Forgive me please: I am completely new to emacs and org-mode.
Can org-mode handle a very large number of notes? I have on mind more than a million.
Also, forgive if the question seems stupid but I could not find this question anywhere.
Forgive me please: I am completely new to emacs and org-mode.
In theory, no number limits; as many as your storage can hold — after all, notes are text files.
Org mode’s performance would be more dependent on the size of each file than the number of files.You would access a file one by one and wouldn’t access million files at the same time.
For Org-roam, which is based on a database, there seems to be a practical limit of numbers. Some people have reported that (either on Slack or GitHub; source lost) having 40K notes has degraded performance.
So org-mode may be better for handling larger amount of files?
Better than what?
It may well be the case, but I cannot jump onto that conclusion. What would you like to determine by asking this question? Perhaps you could explain a bit more of your context and motivation to help us understand where you would like to get to.
Let me explain and ask these two questions:
Can Org-roam handle a very large number of notes when the number exceeds a million?
Can Org mode handle a very large number of notes when the number exceeds a million?
My issues in answering these questions are as follows:
I can’t answer the second question above for Org mode because I don’t know what it means for Org mode to “handle” a large number of notes.
When you use Org mode, you open a single file and then Emacs turns on Org mode. I am not sure if you can get Org mode to “handle” multiple files at the same time like Org-roam does with using the database. When you open a note with using Org-roam, Emacs turns on Org mode. I am not sure if I can compare the two in this case.

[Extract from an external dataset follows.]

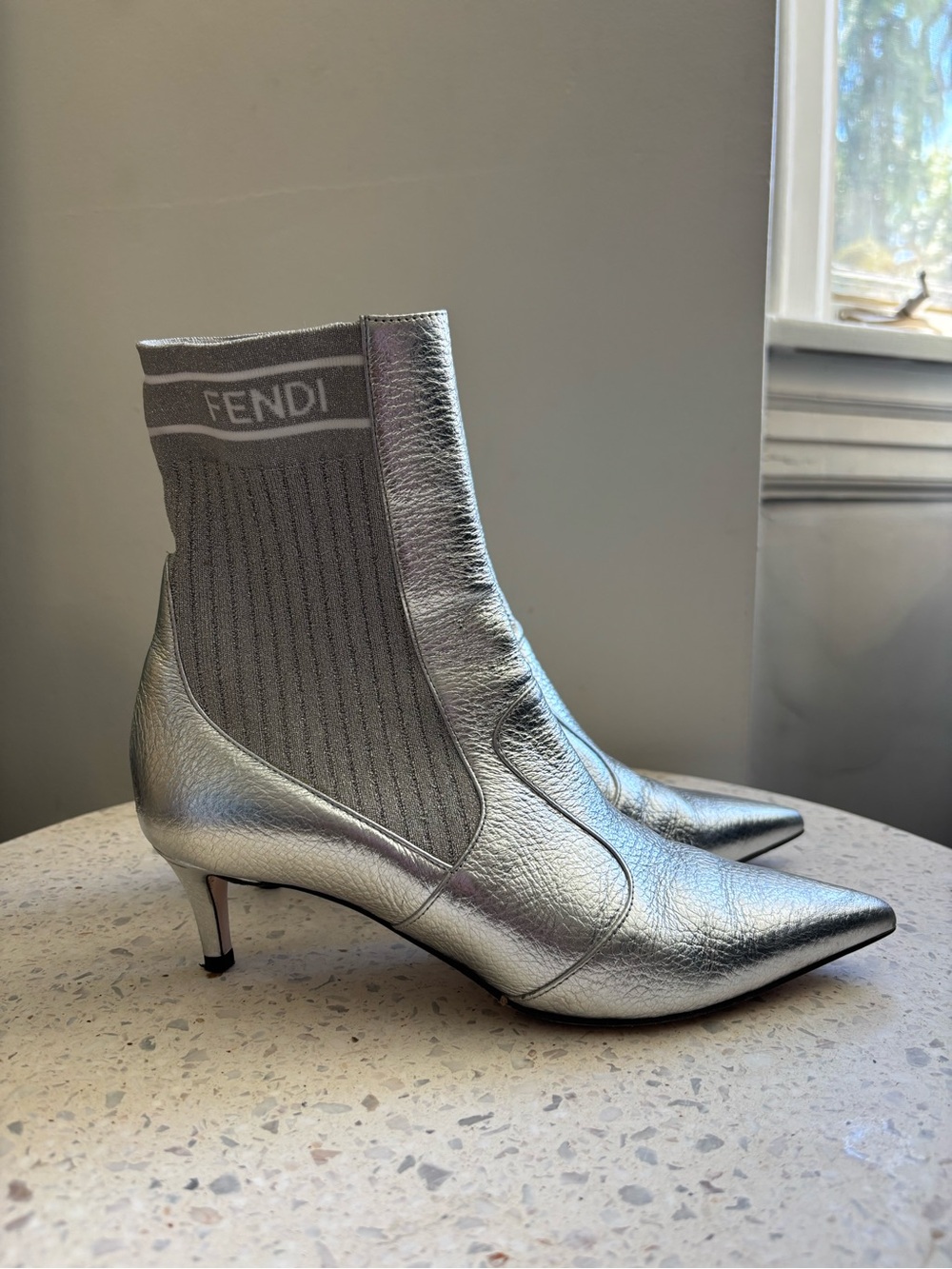 Fendi Silver Pointed Kitten Heel Sock Boots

The premise of having a million files does not seem reasonable for a personal knowledge management tool.
Org-roam is designed as a personal tool, and the basic premise is that you write your notes by your own hand (refer to Jethro, the author’s guide). Even if you write 10 notes everyday 365 days a year (I struggle to write so many in a single day) it would take you about 273 years to have 1 million notes (did I calculate this correctly?). What’s the reason behind more than 1 million notes?
Thanks for a detailed answer. Appreciate it.
Let me specify:
I have a large collection of OCRed books (15,000+), as well as over 15,000,000 .txt files (a university department material). Each file ranges from a couple of paragraphs to an equivalent of 1,000 pages book.
I though I may utilize org-mode or org-roam as a sort of Memex machine (if you know Vannevar Bush’s idea) in order to access this large library as such it may be “consulted with exceeding speed and flexibility.” I know the idea of org-mode and other handy tools like Obsidian is build on the idea of personal note taking, rather than serving as a more “universal” knowledge management tool.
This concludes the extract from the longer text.